## Instructions for the task
No pictures belong in the copy. Reproduce exactly the lines beginning at the line containing "2025 novo estilo" and continuing to the end of the entries below.

## Raw data
========================================================================

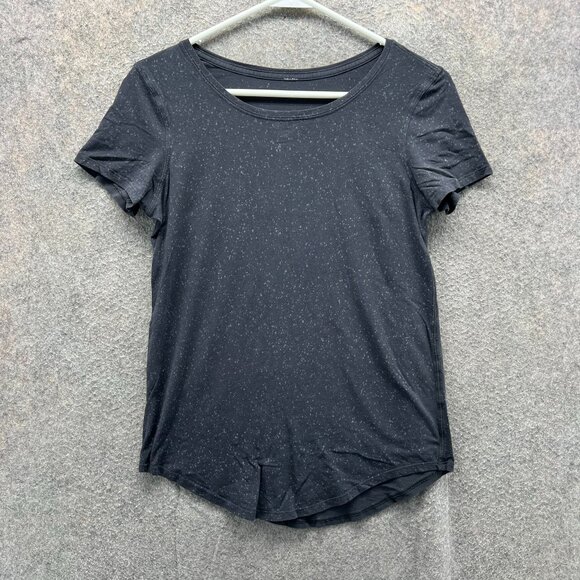 Lululemon Love Tee Womens 2 Black Speckled Pima Cotton Soft Short Sleeve - Picture 1 of 10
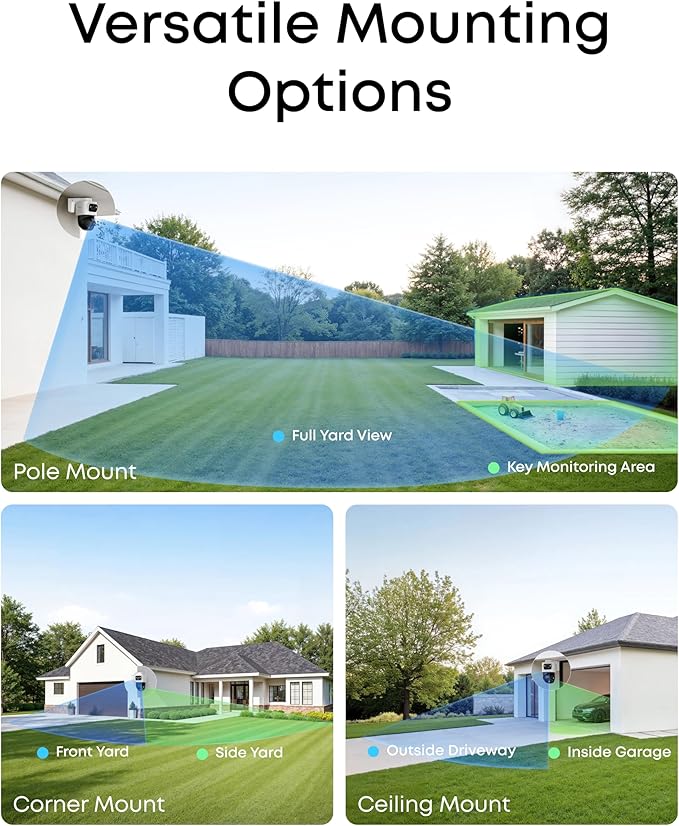 eufy PoE Bullet-PTZ Cam S4, NVR Add On Cam, 4K UHD Triple Lens, 122° FOV, 360° Pan and Tilt, 8× Hybrid Zoom, AI Tracking, Red and Blue Light, Color Night Vision, PoE Plug and Play, 24/7 Recording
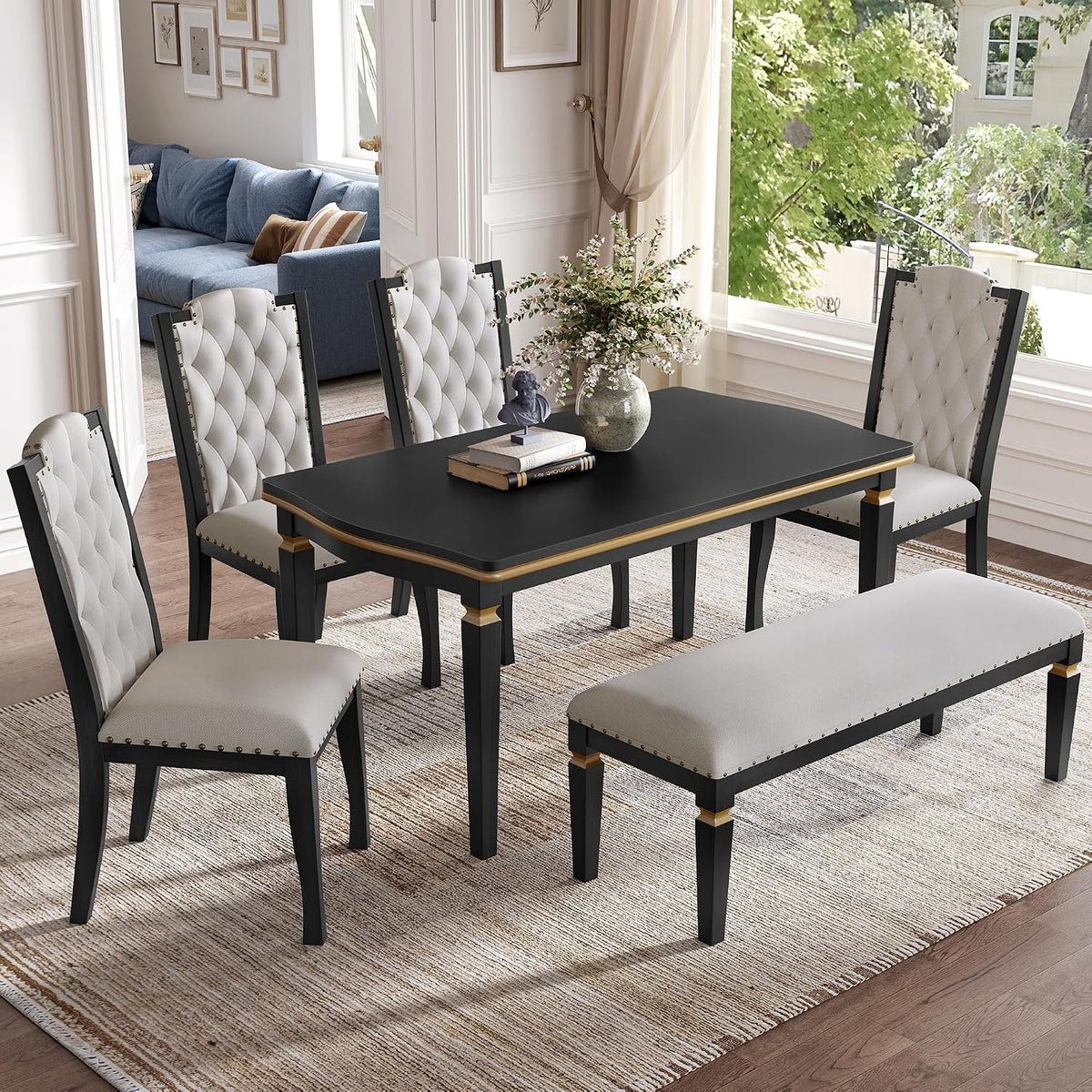 LUMISOL 6-Piece Farmhouse Dining Table Set, 60” Solid Wood Table, 4 Upholstered Chairs and Bench, Black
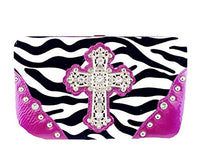 Gorgeous! Soft Zebra Rhinestone Cross Flat Wallet Clutch Purse in Multi-Color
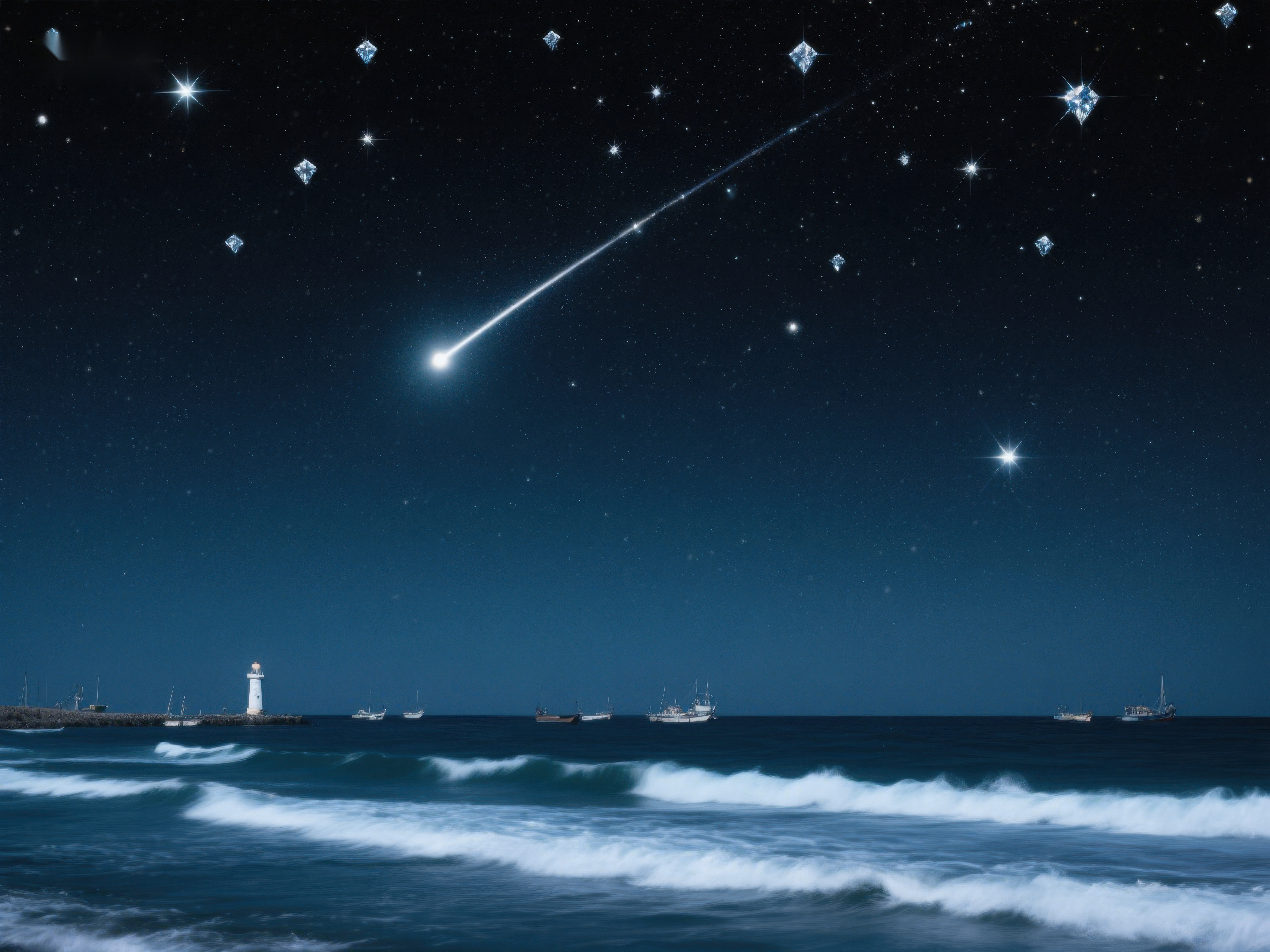 夜空流星划过海面灯塔素材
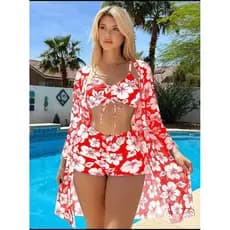 2025 novo estilo blusa de biquíni de três peças europeu americano impresso biquíni maiô feminino biquíni de três peças
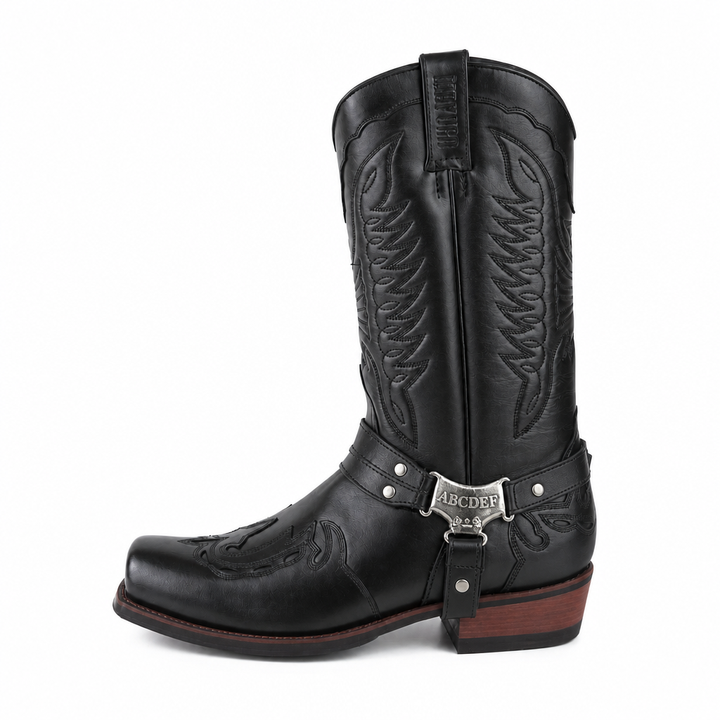 Men's Cowboy Boots with Harness Strap | Square Toe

========================================================================

## Answer to this problem
 2025 novo estilo blusa de biquíni de três peças europeu americano impresso biquíni maiô feminino biquíni de três peças
 Men's Cowboy Boots with Harness Strap | Square Toe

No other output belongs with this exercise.